SEC. 5. Savings clause.

The Pittman-Robertson Wildlife Restoration Act is amended—

(1) by redesignating section 13 (16 U.S.C. 669 note; 50 Stat. 917, chapter 899; 114 Stat. 1763) as section 14; and

(2) by inserting after section 12 (16 U.S.C. 669i) the following:

“SEC. 13. Savings clause.

“(a) In general.—Nothing in this Act affects the authority, jurisdiction, or responsibility of a State to manage, control, or regulate fish and wildlife under the law and regulations of the State on land or water within the State (including Federal land and water).

“(b) State of Alaska.—

“(1) IN GENERAL.—Nothing in this Act affects—

“(A) the provisions for subsistence uses in the State of Alaska under the Alaska National Interest Lands Conservation Act (16 U.S.C. 3101 et seq.), including titles III and VIII of that Act;

“(B) section 102 of the Alaska National Interest Lands Conservation Act (16 U.S.C. 3102);

“(C) the jurisdiction of the Federal courts over—

“(i) subsistence uses in the State of Alaska; or

“(ii) any assertion of subsistence uses in that State; or

“(D) the manner in which section 810 of the Alaska National Interest Lands Conservation Act (16 U.S.C. 3120) is implemented on Federal land or water in the State of Alaska.

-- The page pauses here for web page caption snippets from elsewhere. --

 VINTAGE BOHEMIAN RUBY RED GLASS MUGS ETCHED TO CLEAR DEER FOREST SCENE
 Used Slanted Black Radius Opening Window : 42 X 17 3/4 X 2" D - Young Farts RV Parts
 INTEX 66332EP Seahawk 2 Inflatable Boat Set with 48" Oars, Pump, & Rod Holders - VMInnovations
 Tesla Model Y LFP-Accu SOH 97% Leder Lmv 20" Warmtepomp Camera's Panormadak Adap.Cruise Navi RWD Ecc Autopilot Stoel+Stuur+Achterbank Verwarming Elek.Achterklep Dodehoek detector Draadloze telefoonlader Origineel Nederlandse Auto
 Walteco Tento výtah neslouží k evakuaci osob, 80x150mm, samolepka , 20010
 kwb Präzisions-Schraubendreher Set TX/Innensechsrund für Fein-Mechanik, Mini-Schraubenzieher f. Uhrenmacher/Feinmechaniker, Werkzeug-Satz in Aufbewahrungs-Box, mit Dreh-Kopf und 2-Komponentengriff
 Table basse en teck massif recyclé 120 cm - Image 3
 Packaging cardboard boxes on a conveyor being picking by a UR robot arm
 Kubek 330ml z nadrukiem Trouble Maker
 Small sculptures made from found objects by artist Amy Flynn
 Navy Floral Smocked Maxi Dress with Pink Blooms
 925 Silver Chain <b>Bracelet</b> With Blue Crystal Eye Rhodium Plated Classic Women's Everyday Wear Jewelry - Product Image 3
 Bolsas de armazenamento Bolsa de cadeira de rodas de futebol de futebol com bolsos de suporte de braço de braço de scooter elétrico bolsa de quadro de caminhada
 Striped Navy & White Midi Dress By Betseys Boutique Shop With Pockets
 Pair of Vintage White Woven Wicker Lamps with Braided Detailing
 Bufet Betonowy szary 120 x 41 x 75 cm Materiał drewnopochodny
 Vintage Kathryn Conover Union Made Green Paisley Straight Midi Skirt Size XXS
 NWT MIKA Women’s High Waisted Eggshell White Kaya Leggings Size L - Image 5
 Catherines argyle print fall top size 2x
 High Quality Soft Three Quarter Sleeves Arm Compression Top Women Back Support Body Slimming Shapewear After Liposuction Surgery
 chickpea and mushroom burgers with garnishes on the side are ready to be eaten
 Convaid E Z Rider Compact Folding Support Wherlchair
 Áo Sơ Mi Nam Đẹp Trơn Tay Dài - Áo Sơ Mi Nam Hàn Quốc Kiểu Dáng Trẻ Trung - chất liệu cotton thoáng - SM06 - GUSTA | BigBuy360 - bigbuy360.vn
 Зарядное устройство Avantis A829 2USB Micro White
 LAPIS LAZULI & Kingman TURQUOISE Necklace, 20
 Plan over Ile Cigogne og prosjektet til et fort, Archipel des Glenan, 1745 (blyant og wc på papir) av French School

“(2) CONFLICTS OF LAWS.—If any conflict arises between a provision of this Act and a provision of the Alaska National Interest Lands Conservation Act (16 U.S.C. 3101 et seq.), the provision of the Alaska National Interest Lands Conservation Act (16 U.S.C. 3101 et seq.) shall control.”.

SEC. 6. Sense of Congress regarding offset.

It is the sense of Congress that the costs of carrying out this Act and the amendments made by this Act shall be offset.